Berikutnya, NH menulis bahwa yang dibicarakan para ulama klasik itu adalah kewajiban mengangkat seorang pemimpin bukan kewajiban menganut sistem Khilafah. NH juga menulis Khilafah ala HTI berbeda dengan Khilafah menurut Ulama klasik. Memang, bentuk dan sistem Khilafah secara detail belum pernah ditulis para ulama Salaf. Hal ini karena peradaban (tsaqafah) dan konsepsi Khilafah masih eksis berjalan, sehingga panduan tertulis belum terlalu diperlukan. Baru di masa Abasiyah, ketika dirasa mulai ada bias dan keburukan dalam penerapan sistem (isaa-atuth tathbiiq) kitab-kitab yang berpola sistem mulai muncul atas permintaan Khalifah semisal al-Kharajnya Abu Yusuf, dan al-Amwalnya Abu Ubaid. Di masa akhir Abasiyah, ketika kekhawatiran akan adanya penyimpangan penerapan sistem kuat, ditulislah semisal al-Ahkam al-Sulthaniyyah (al-Mawardi) dan al-Siyasah al-Syar’iyyah (ibnu Taimiyyah) untuk meluruskan beberapa hal yang dirasa tidak sesuai dengan sistem Khilafah. Dus, kitab-kitab ini ditulis para ulama untuk menjawab persoalan-persoalan parsial, karena memang realitasnya sistem Khilafah sudah berjalan, hanya saja terjadi kekurangtepatan dalam beberapa bagian penerapannya. Konteks inilah yang membedakan dengan realitas yang dihadapi Syaikh an-Nabhaniy sebagai pendiri Hizbut Tahrir ketika menuliskan konsep sistem pemerintahan Khilafah.

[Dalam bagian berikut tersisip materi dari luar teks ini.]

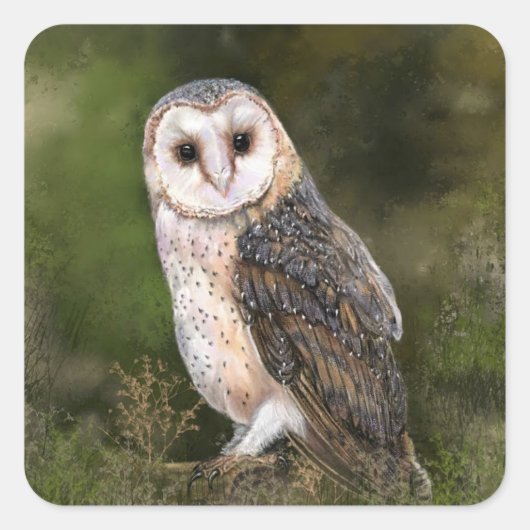 Westerne Barn Owl Sticker (Voorkant)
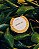 Vela Bamboo Life TRAVEL - Bambu e Menta - Imagem 6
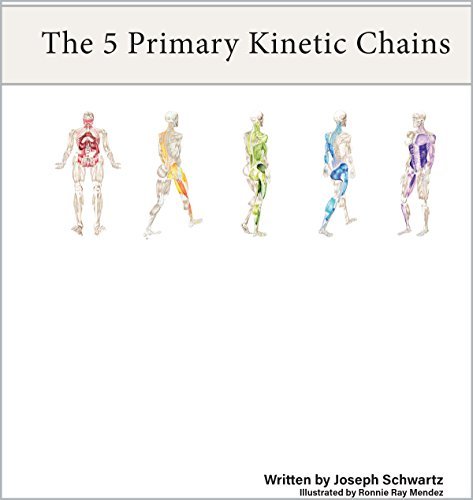 The Five Primary Kinetic Chains - Ebook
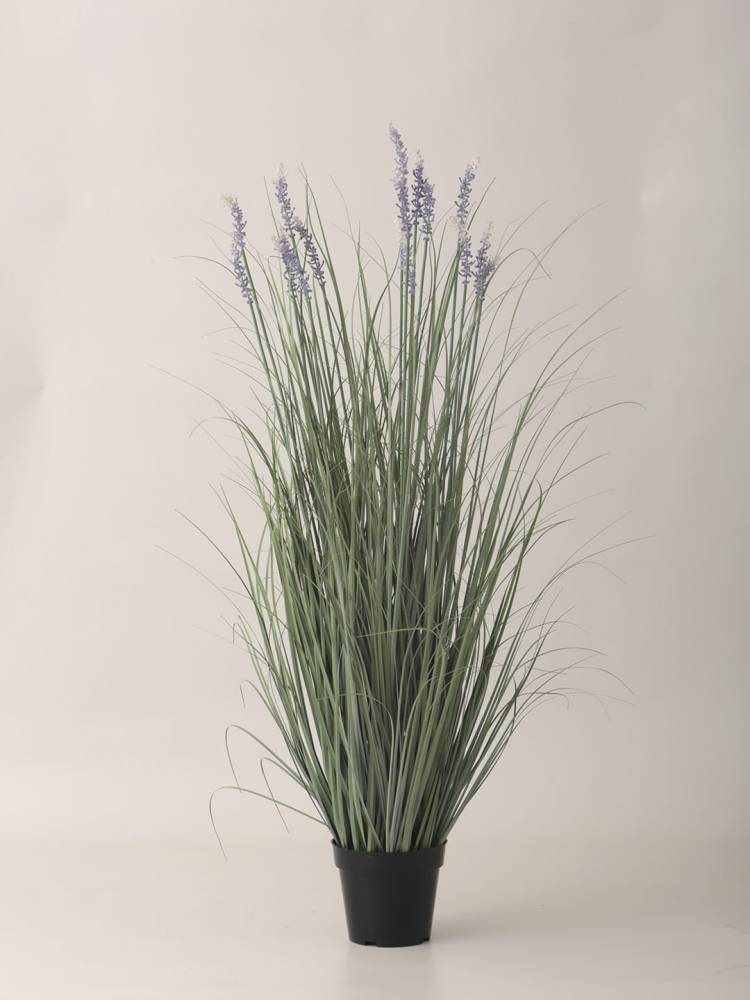 Lavanda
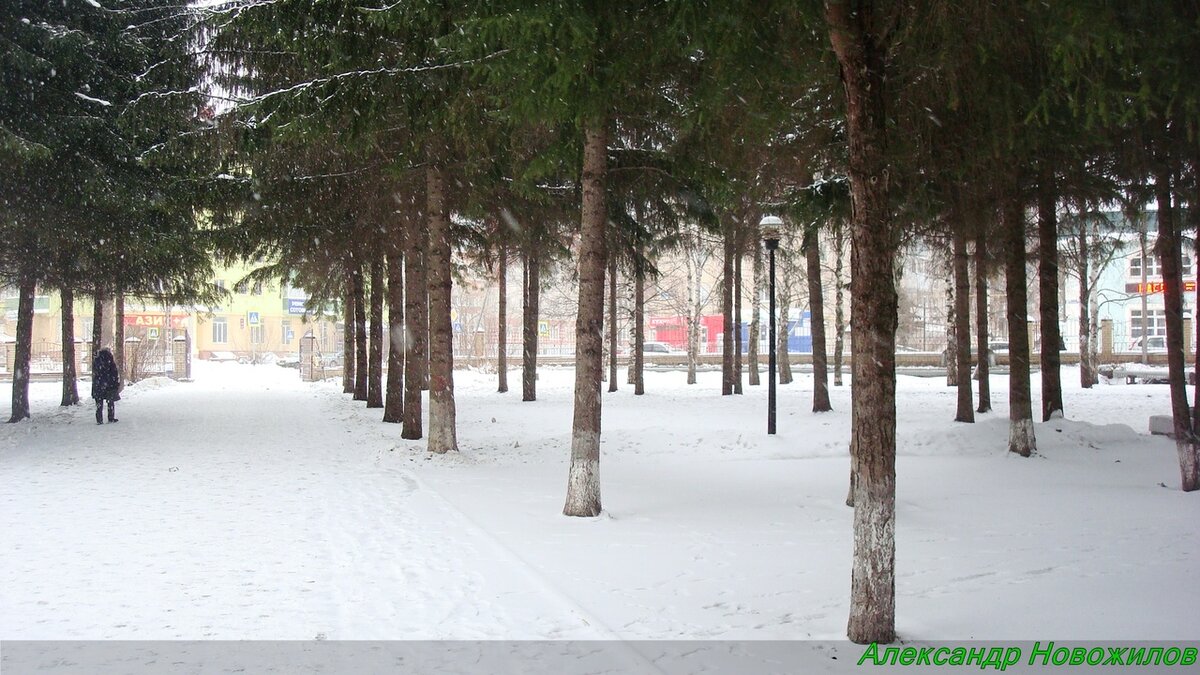 09.12.18 #Аллея_Героев 
#Россия #Татарстан #Бугульма #день #прогулка #дневная_прогулка #декабрь #зима #декабрь2018 #зима2018 #улица #город #родная_Бугульма #снег #аллея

Umat Islam pasca runtuhnya Khilafah Utsmany tidak lagi menyaksikan peradaban khilafah. Mafahim (persepsi) Khilafah pun hilang dari benak umat digantikan demokrasi. Karenanya, untuk membangun kembali peradaban Khilafah yang baru, ummat membutuhkan prototype bangunan Khilafah secara detail. Di sinilah posisi Syaikh an-Nabhaniy mestinya ditempatkan. Setiap abad akan selalu lahir mujaddid, sebagaimana Imam Syafi’i yang menulis konsep ushul fiqh dalam kitabnya al-Risalah. Padahal tradisi ijtihad sudah berlangsung sejak masa Shahabat, namun sistem baku ijtihad baru ditulis oleh Imam Syafi’i ini, yaitu pada abad kedua Hijriyah.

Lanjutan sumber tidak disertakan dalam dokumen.